**Requirement**
Copy all the data exactly, except the pictures.

**Supplied data**
==============================

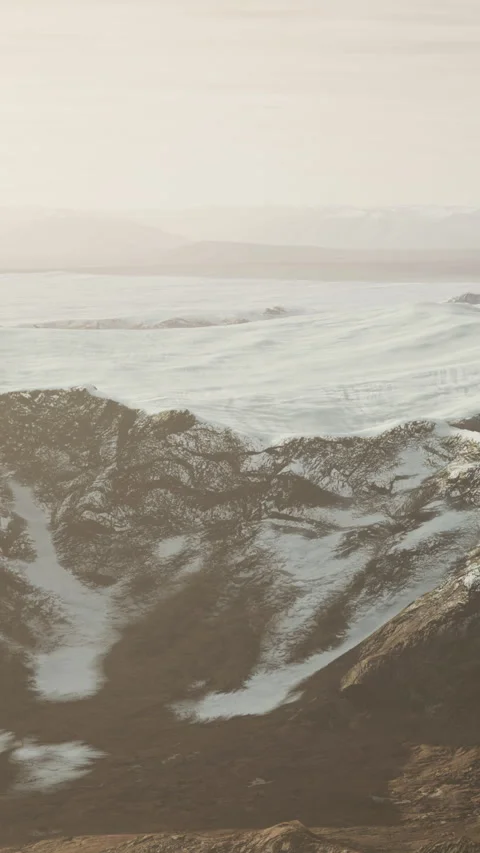 Large snow patch left over on the volcanic rock field of a mountain in summer Stock Footage 283972462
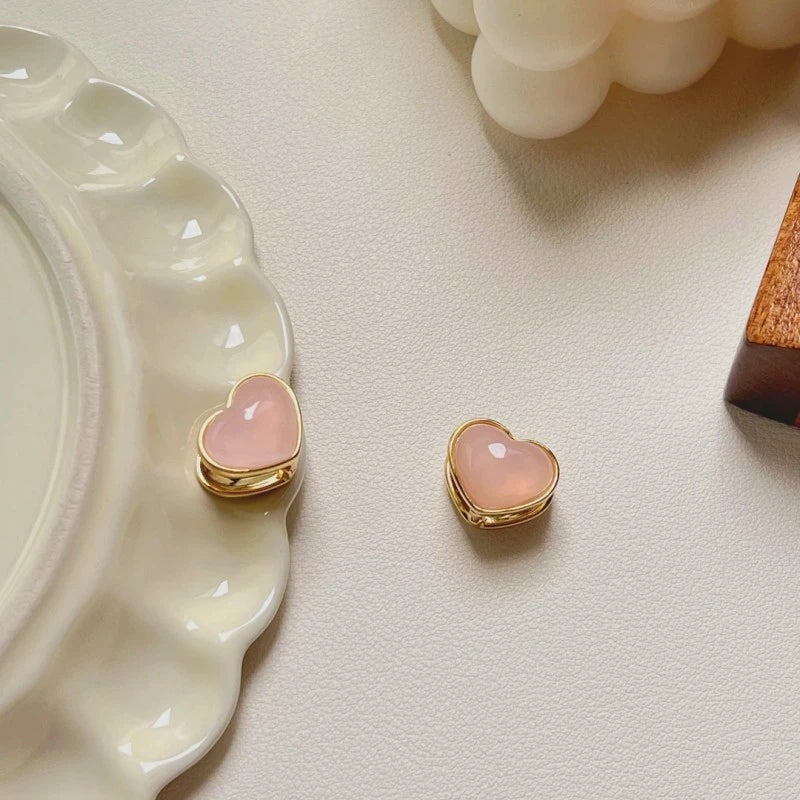 Close-up detail of the sparkling zircons and plating on the Double-Sided Heart Earrings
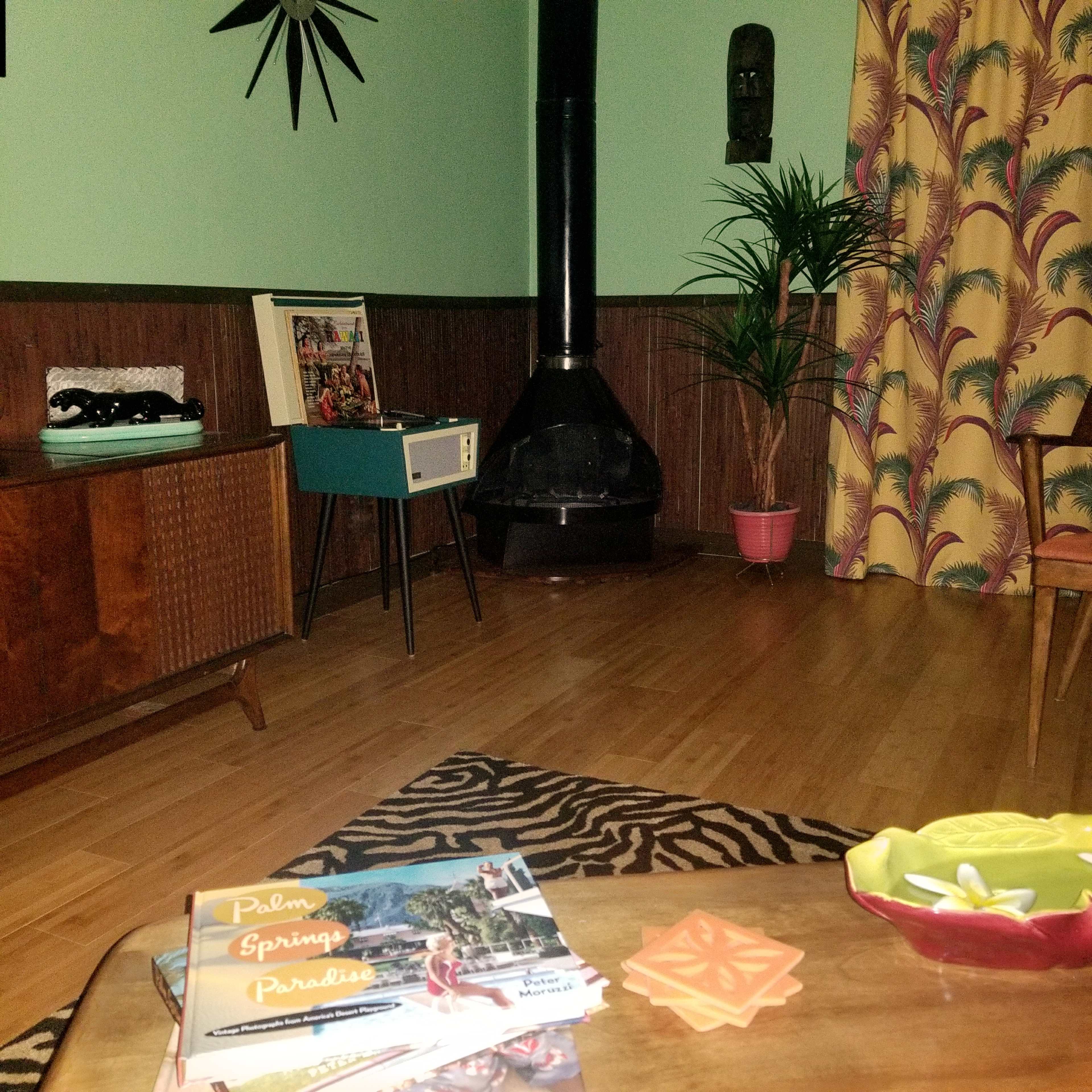 The image showcases a mid-century modern living room featuring a vintage record player, a plant, and patterned curtains, with magazines displayed on a coffee table.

==============================

**Solution to this exercise**
 Large snow patch left over on the volcanic rock field of a mountain in summer Stock Footage 283972462
 Close-up detail of the sparkling zircons and plating on the Double-Sided Heart Earrings
 The image showcases a mid-century modern living room featuring a vintage record player, a plant, and patterned curtains, with magazines displayed on a coffee table.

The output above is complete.